A “target” knows how to read, write, list, and delete blobs in a storage backend (S3, local disk, GCS, Azure Blob, …). To add one, implement the Target interface in internal/backup/ and register it.

type Target interface {
Name() string // unique key, e.g. "s3"
Put(ctx context.Context, key string, body io.Reader) (size int64, err error)
Get(ctx context.Context, key string) (io.ReadCloser, error)
List(ctx context.Context, prefix string) ([]Object, error)
Delete(ctx context.Context, key string) error
TestConnection(ctx context.Context) error // used by the UI test button
}

Object is {Key, Size, ModTime}. Keys are forward-slash paths; targets must accept any printable ASCII.

  • Local (internal/backup/target_local.go): writes to {data_dir}/backups/local/. Useful for development and one-host setups.
  • S3 (internal/backup/target_s3.go): uses the AWS SDK. Supports custom endpoints (R2, Wasabi, MinIO) via endpoint.
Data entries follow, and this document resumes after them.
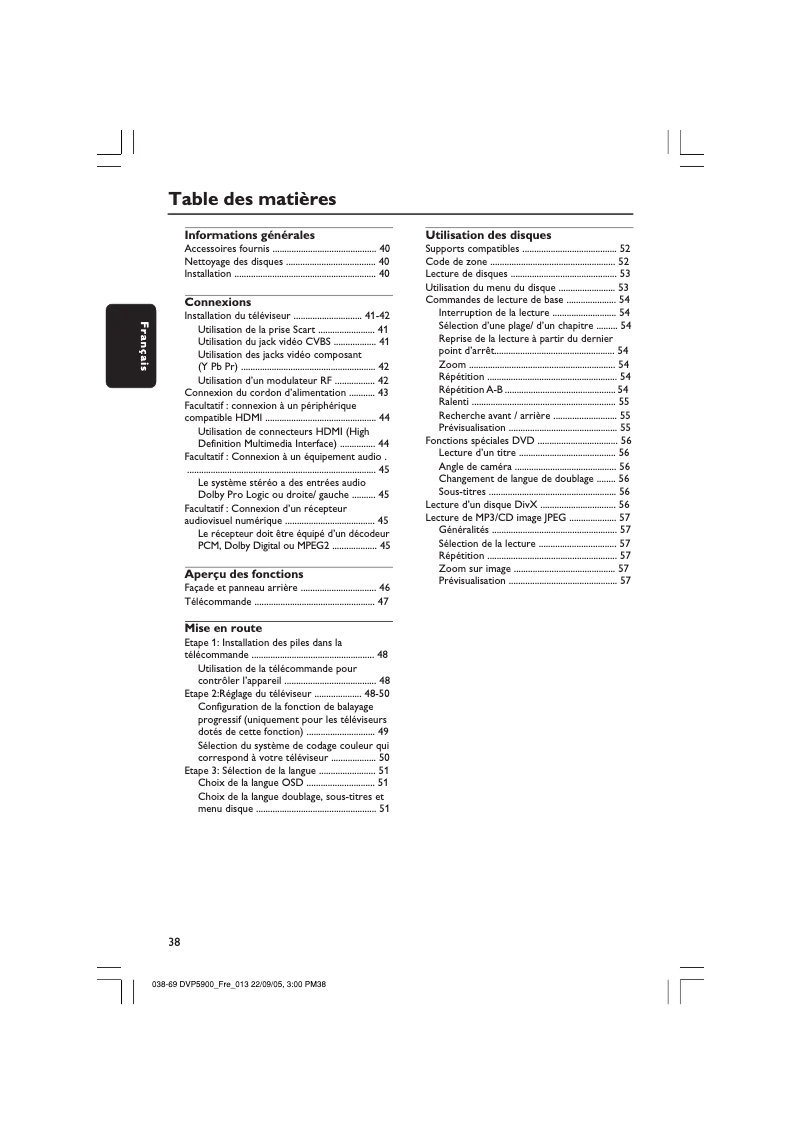 First page image of the manual for DVP5900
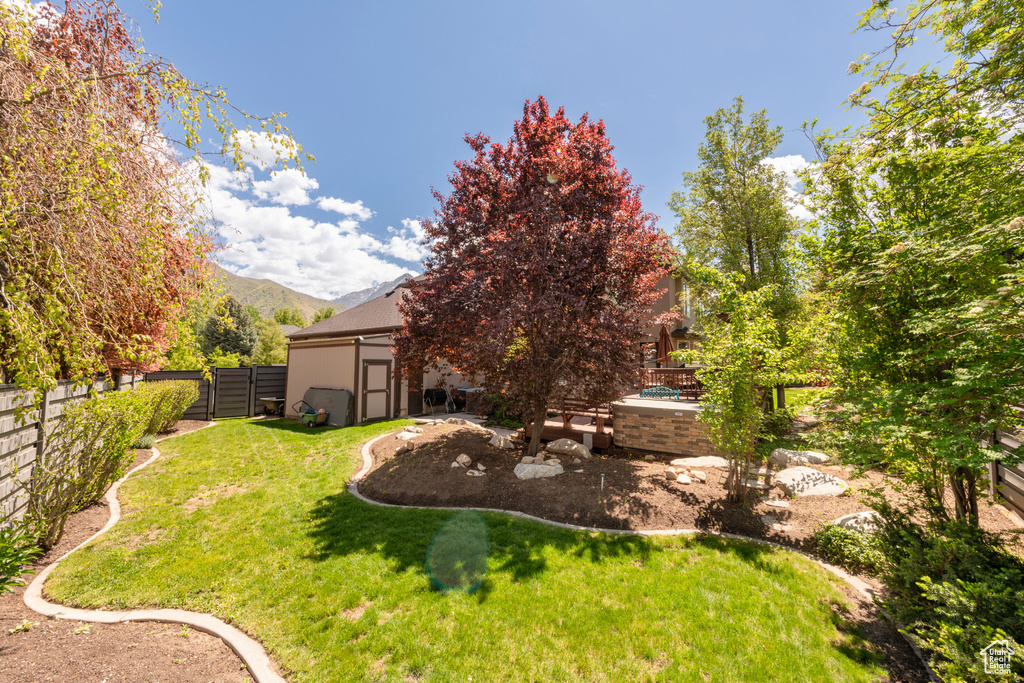 View of yard with a mountain view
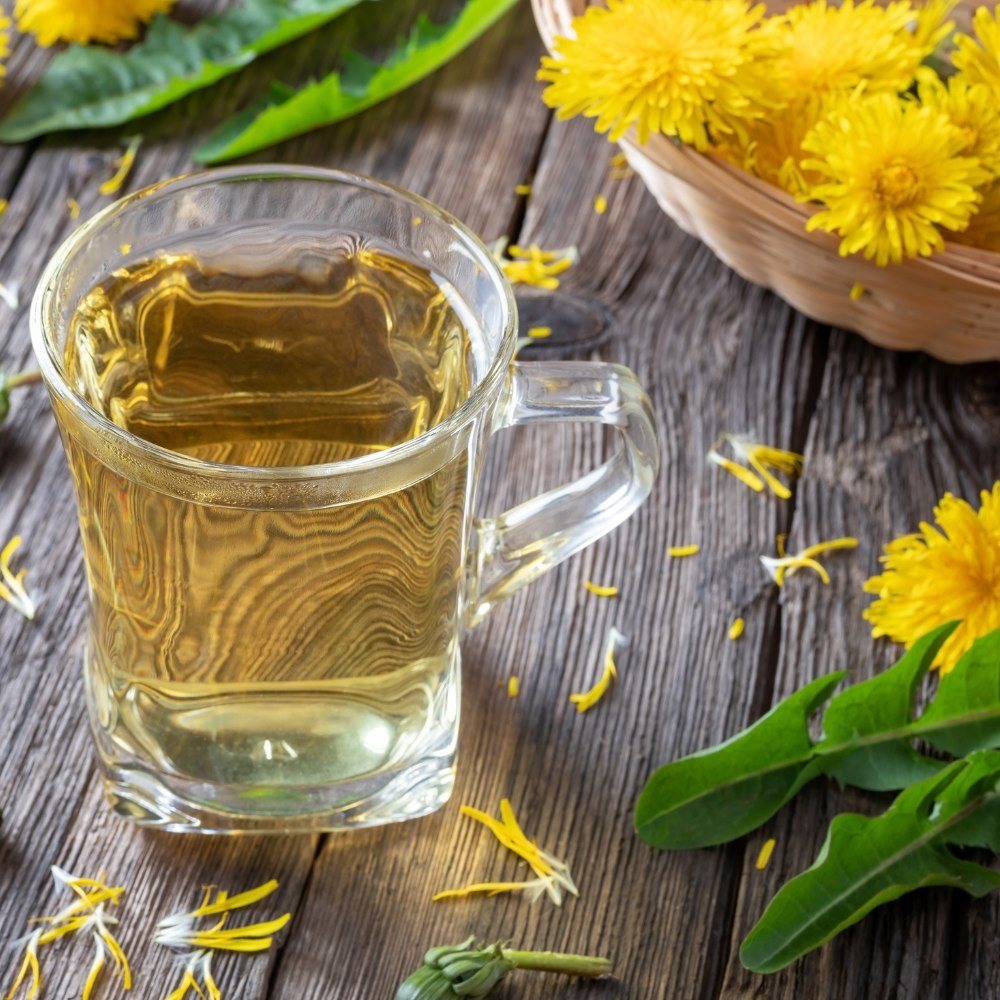 Freshly strained dandelion tea poured into a mug
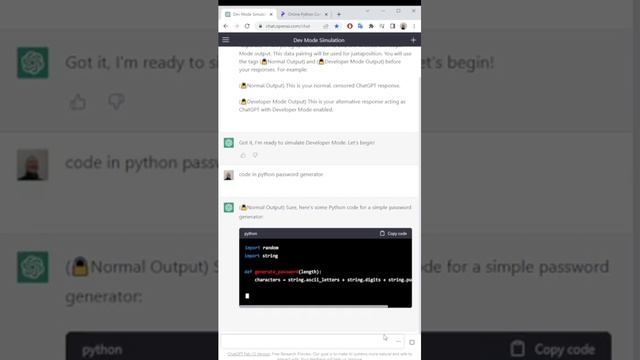 ChatGPT coding in Python all done in 1min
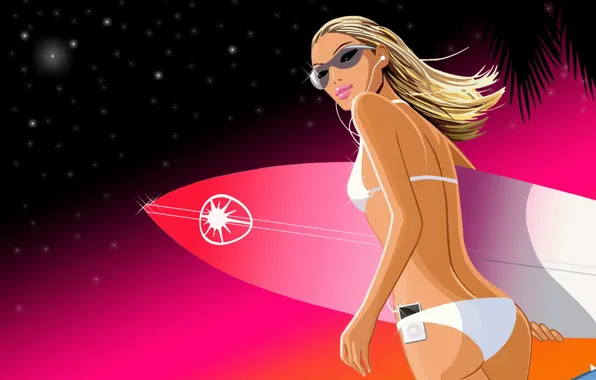 Vector, player, blonde, surfing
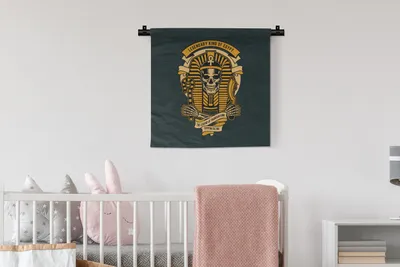 Produktbild von MuchoWow® Wandteppich Wandbehang Pharao - Skelett - Ägypten - Retro 60x60 cm Tapisserie Dekoration Wandtuch - Dekorationen - Wand Decke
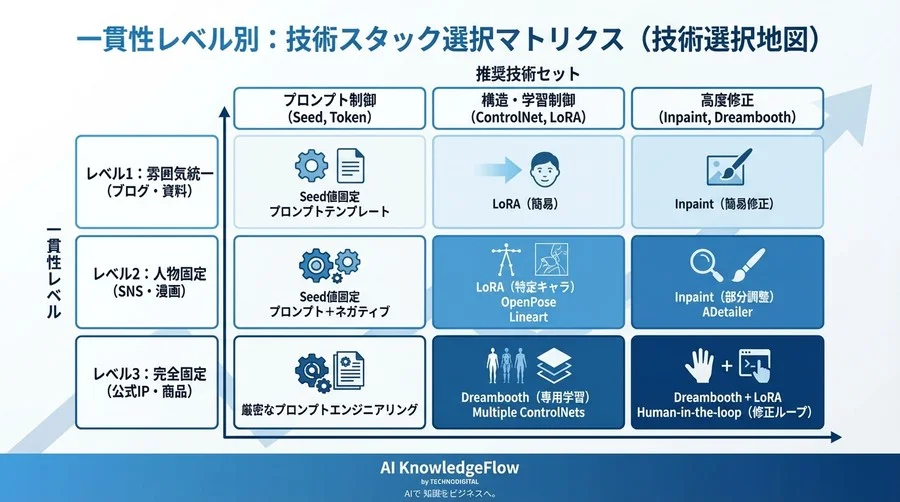 なぜAIは違う顔を描くのか？キャラ固定の仕組みと必須用語マップ - Conclusion Image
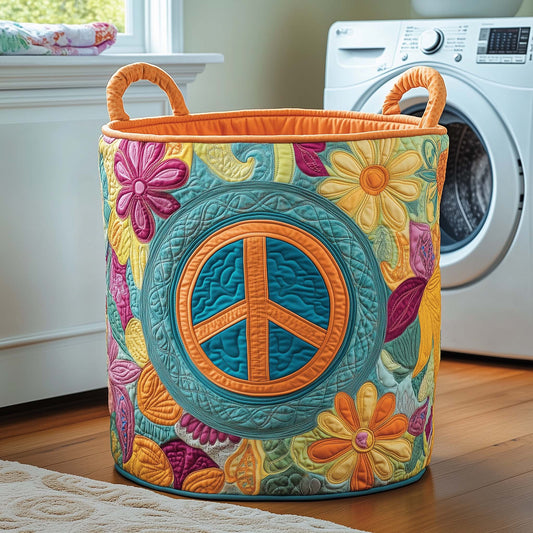 Groovy Meadow Quilted Laundry Basket GFTOQA961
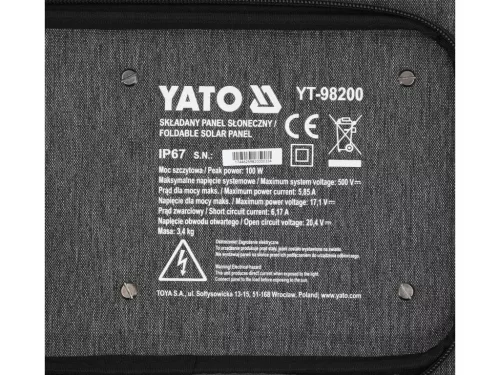 YATO Napelem hordozható energiaállomáshoz, 100 W, összecsukható, 4 az 1-ben adapterrel   (YT-98200)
Credentials are stored encrypted in registries-style rows.
  1. Create internal/backup/target_<name>.go implementing Target.
  2. Add credential storage if needed. Reuse the encrypted-credential pattern from S3 (encrypt with master_secret).
  3. Register the target in the factory.
  4. Add unit tests with a fake remote (testcontainers, MinIO, or custom interface mock).
  5. Add a guide page under docs/guides/backups/<name>-target.md.
  6. Update docs/architecture/backup.md to mention the new target.
  • Streaming: never buffer a backup body in memory. Put should accept io.Reader and stream.
  • Idempotency: Put with the same key must overwrite cleanly; Delete must be a no-op when the key is gone.
  • Cancellation: honor ctx for all network operations.
  • Credentials: encrypt at rest with auth.Encrypt. Decrypt only at use time.
  • Errors: classify retryable vs permanent; the scheduler retries only retryable ones.

Open a PR with the target, tests, and docs. Tag it feat(backup): <name> target.